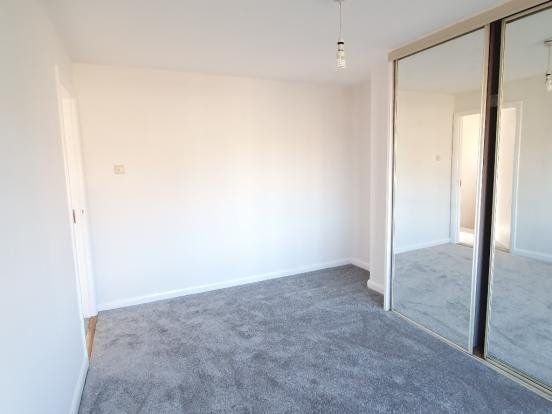 8, Mount Close, High Wycombe photo 5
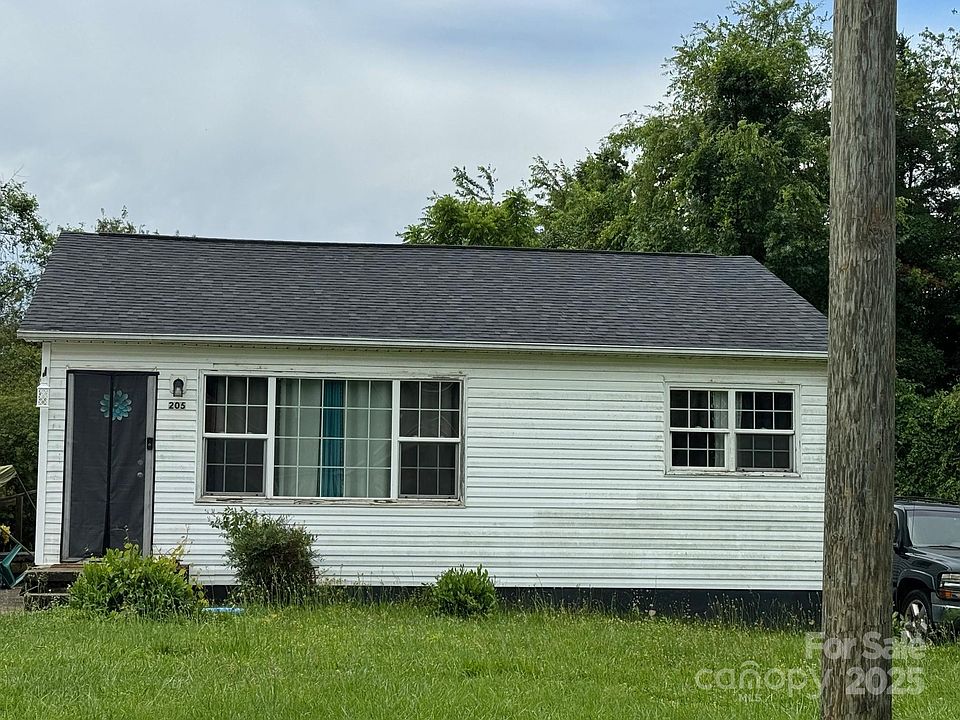 2nd image of 203 Brittain Dr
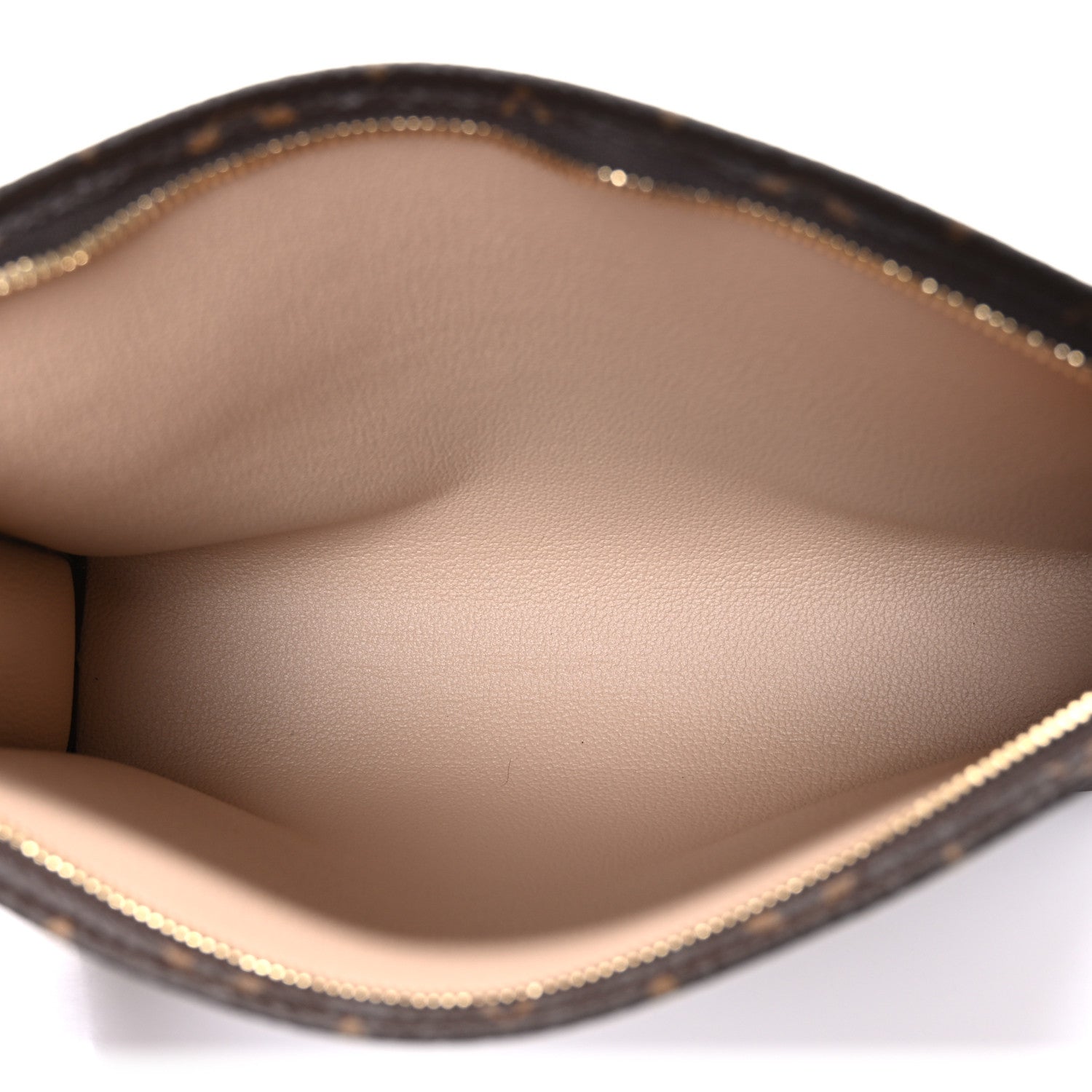 Louis Vuitton Monogram Toiletry Pouch 26 5 of 7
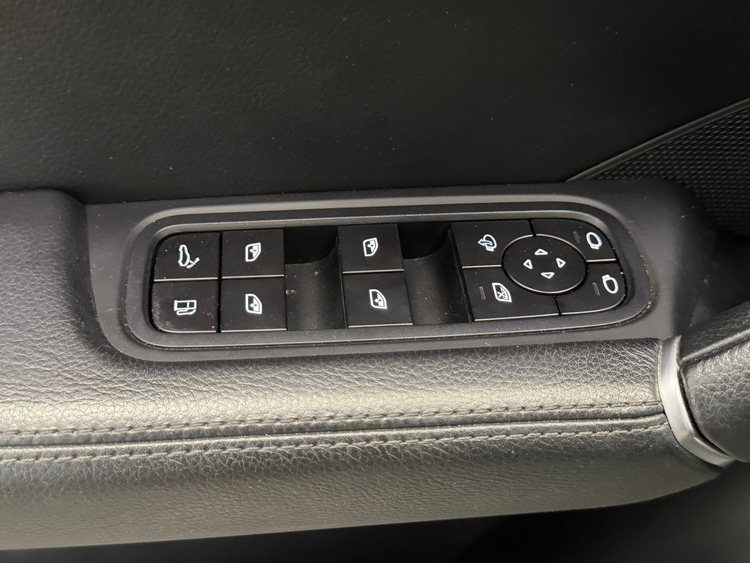 Porsche Cayenne E-HYBRID foto 16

## WHAT YOU WILL DO
Would you output, word for word, only the lines running from the line with "2nd image of 203 Brittain Dr" to the end of the listing above, both ends included, with no pictures?

## TASK OUTPUT
 2nd image of 203 Brittain Dr
 Louis Vuitton Monogram Toiletry Pouch 26 5 of 7
 Porsche Cayenne E-HYBRID foto 16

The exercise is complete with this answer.